Work instruction = What you return must be the lines from the first one below through the one containing "Adjustable Aromatherapy Wax", exactly and with pictures excluded.

(Short web captions)
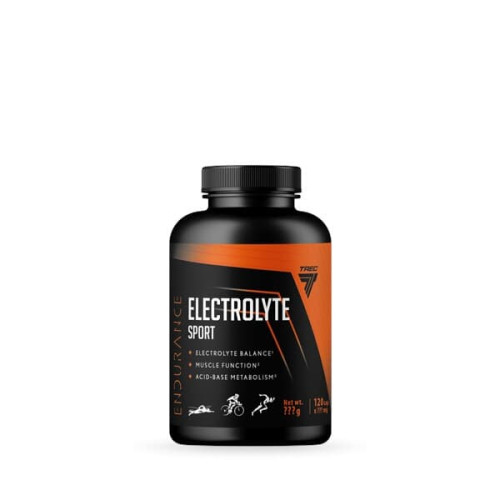 Trec Endurance Electrolyte Sport 120 kapsula Trec Endurance Electrolyte Sport 120 kapsula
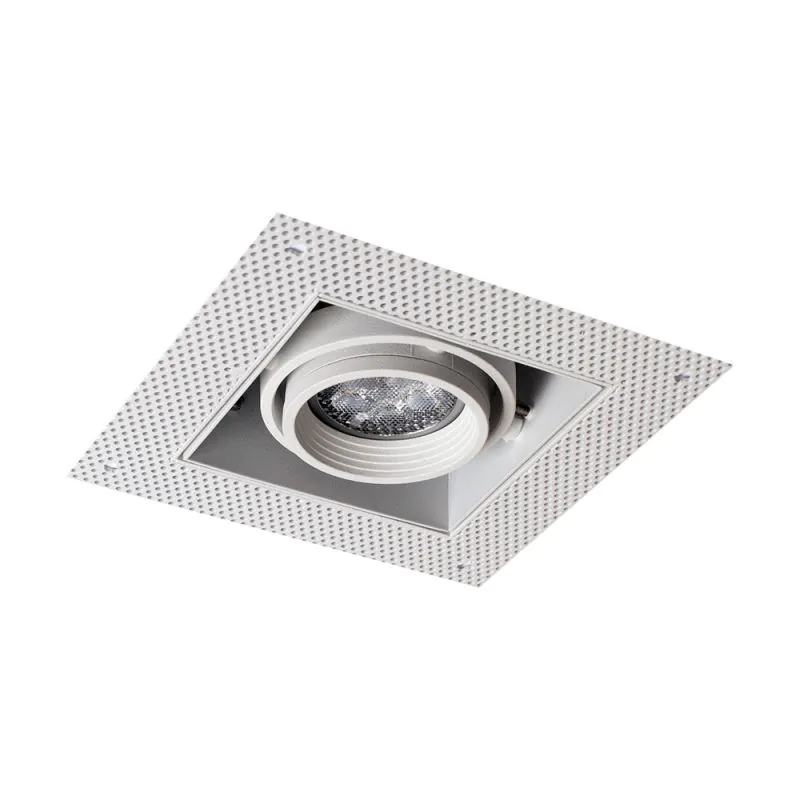 Inbyggda LED spotlights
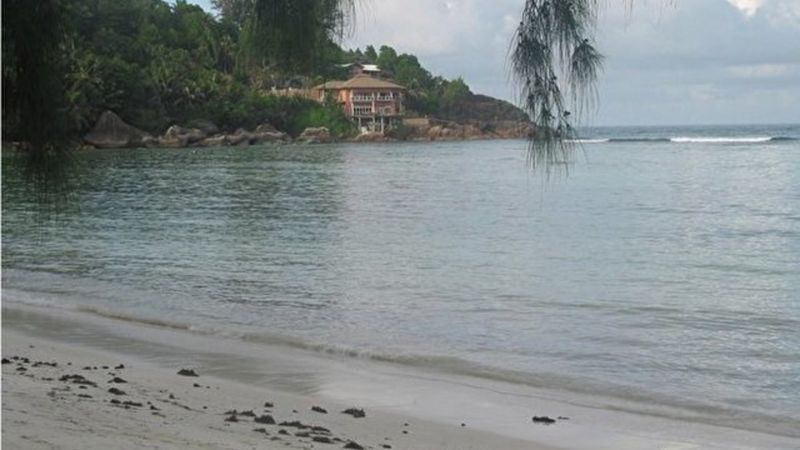 ROCKY BAY VILLA — фото 17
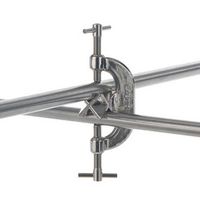 Noix de serrage en croix, pour des tiges jusqu'à Ø 16 mm, angle : 90°, BOCHEM®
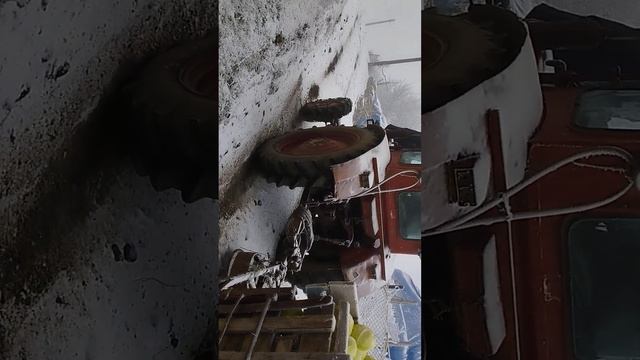трактор т40 застрала смотреть онлайн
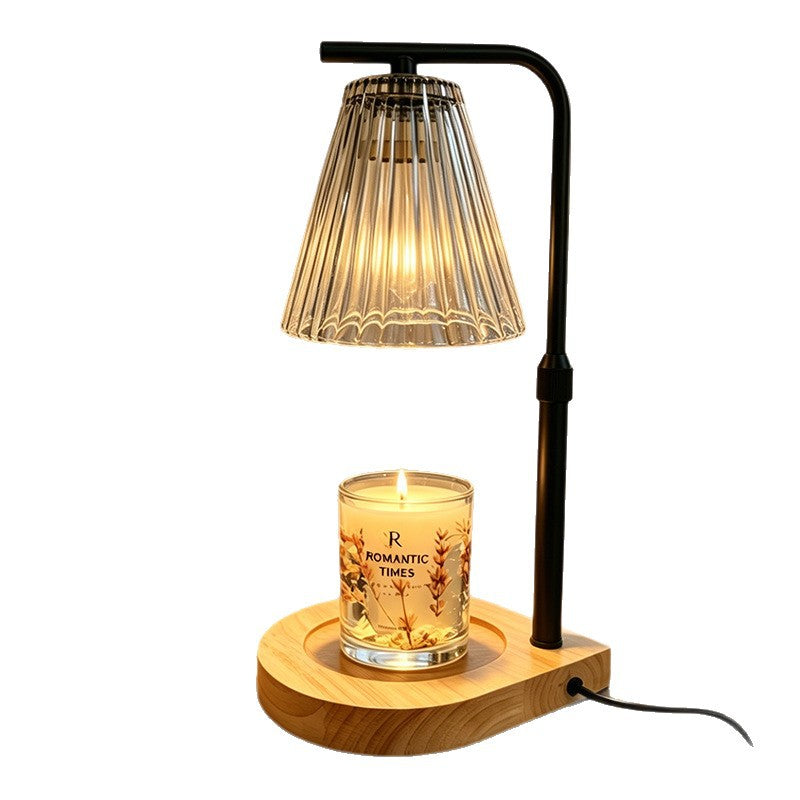 Adjustable Aromatherapy Wax Melting Lamp with Timer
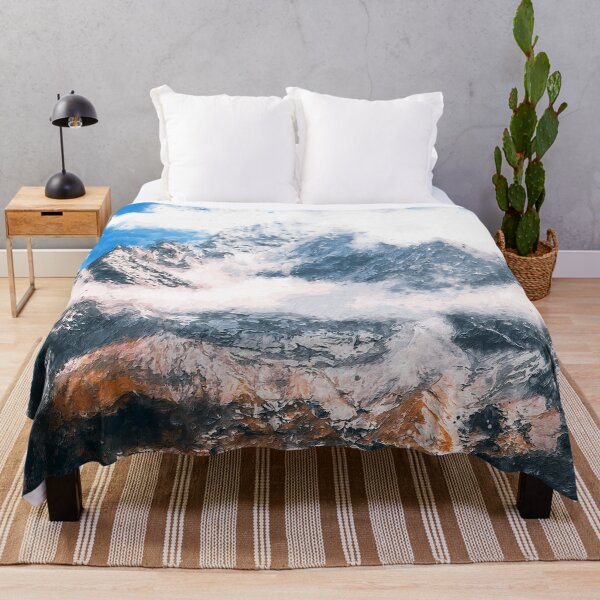 Item preview, Himalaya, Mount everest designed and sold by AM FineArtPrints.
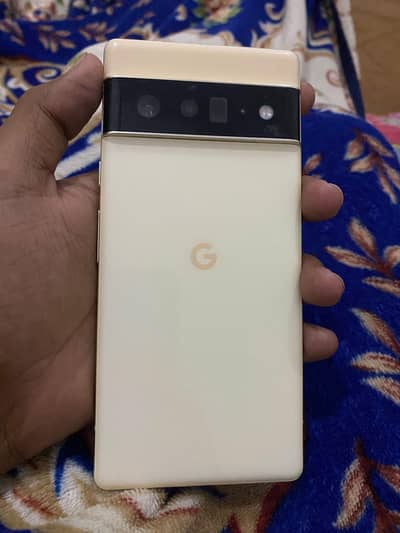 Google Pixel 6 Pro 12/256 pta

Solution for this problem =
 Trec Endurance Electrolyte Sport 120 kapsula Trec Endurance Electrolyte Sport 120 kapsula
 Inbyggda LED spotlights
 ROCKY BAY VILLA — фото 17
 Noix de serrage en croix, pour des tiges jusqu'à Ø 16 mm, angle : 90°, BOCHEM®
трактор т40 застрала смотреть онлайн
 Adjustable Aromatherapy Wax Melting Lamp with Timer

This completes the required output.